Should Physician-Assisted Suicide be legal?
Angela Krantz
PHI 103 – Informal Logic
Professor Martin McAuliffe
April 8, 2013

Physician-assisted suicide and whether it should be legalized or not has been an ongoing and very controversial debate for some time. Although it has been argued that physician-assisted suicide can be beneficial, it should never be legalized. One very big reason why this should never be legal is because physician-assisted suicide can have very damaging psychological and emotional effects on the physicians taking part. Also, physician-assisted suicide should never come at the hands of a physician-healer because to do so would be to violate The Hippocratic Oath that all doctors have to take.
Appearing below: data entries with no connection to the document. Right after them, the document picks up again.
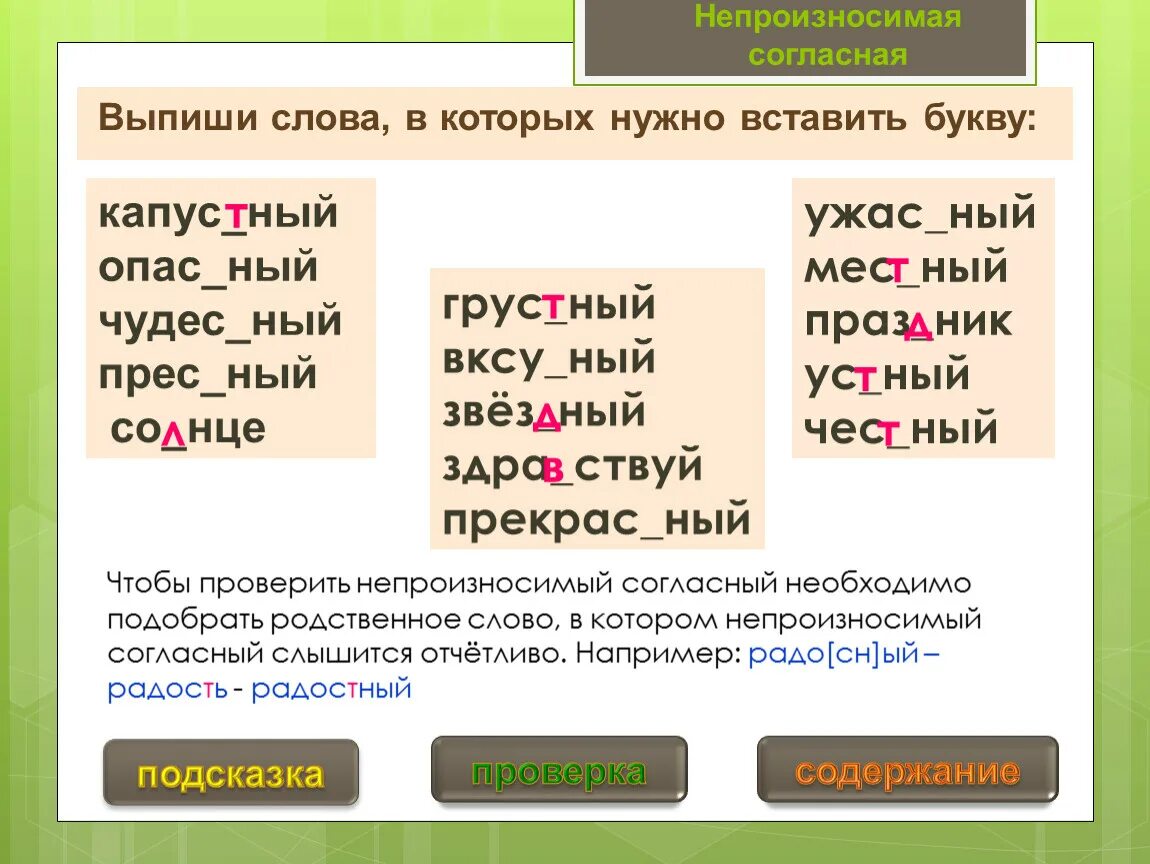 В каком слове нет корн. Не произнасимая согласна. Слова с непроизносимыми согласными. Еепоизносисая согласна. Непроизносимые согласные слова.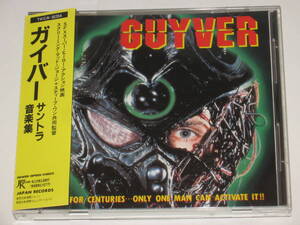 CD GUYVER ガイバー ハリウッド映画・サントラ音楽集 スクリーミング・マッド・ジョージ スティーブ・ワン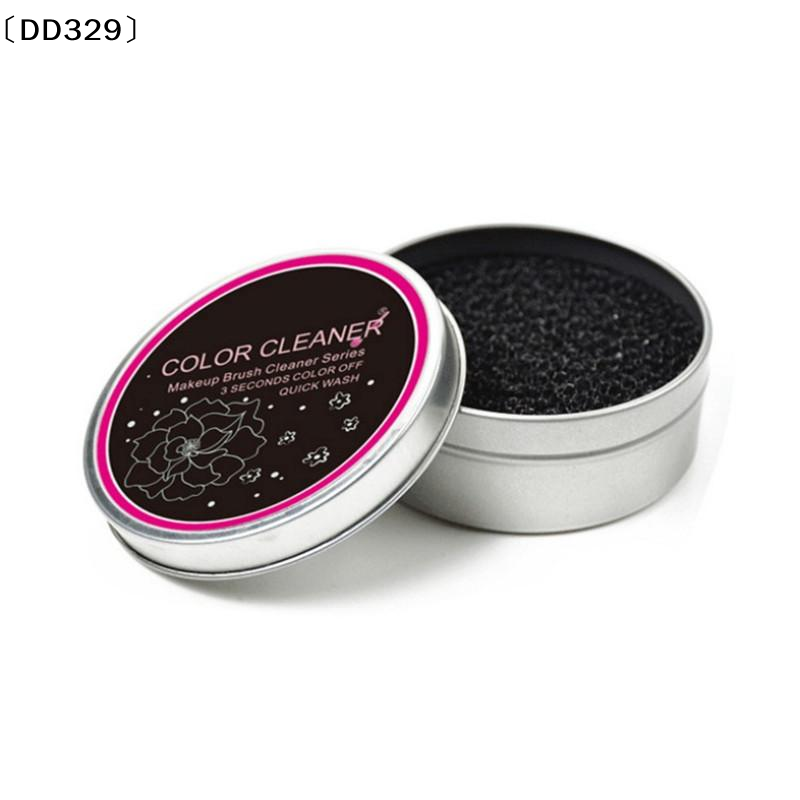 1/2 szt. Przenośny pojemnik do – Cosmetic Sponge recenzja i cena
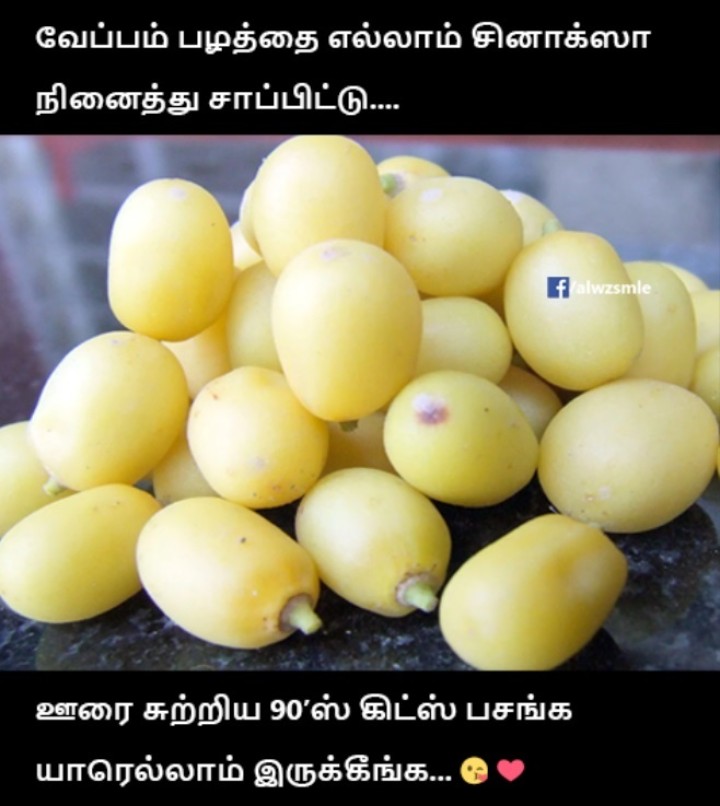 நான் இப்பவும் சாப்பிடுவேன்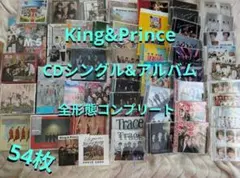 お得★King&prince/キンプリ★CD54枚★全形態コンプリート★まとめ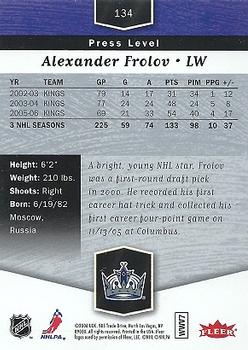2006-07 Flair Showcase #134 Alexander Frolov Back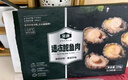 金唐鮮凍大鮑魚凈重500g/ 10頭鮑 帶殼鮑魚肉 貝類海鮮生鮮火鍋燒食材 曬單實拍圖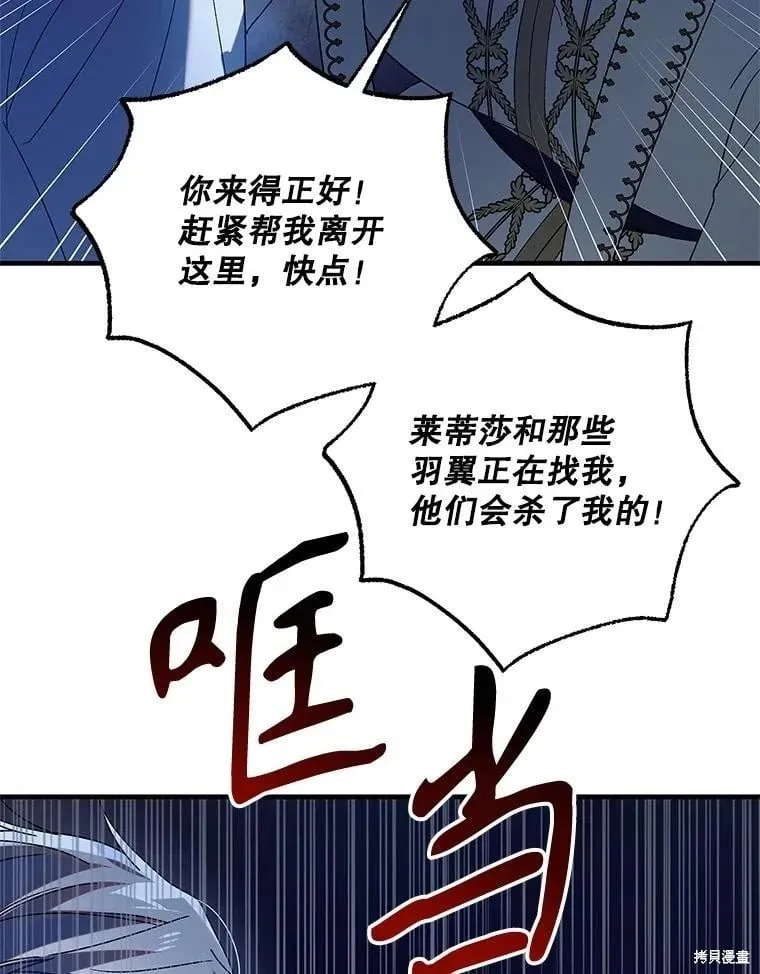 第128话 第80页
Palliative care should be the standard of care for the dying. This allows for the dying patient to pass away comfortably with minimal to no pain. Dying patients do not have to die in pain or die without dignity. Palliative care would help with all of that. Therefore, physician-assisted suicide should never be legal.
Oregon is the only state to date that has legalized physician-assisted suicide. According to Quill & Cassell (2003), improved delivery of hospice and palliative care is the result of fewer patients using the legally sanctioned access to physician-assisted suicide in Oregon. (Quill, T.E., Cassell, C.K. 2003)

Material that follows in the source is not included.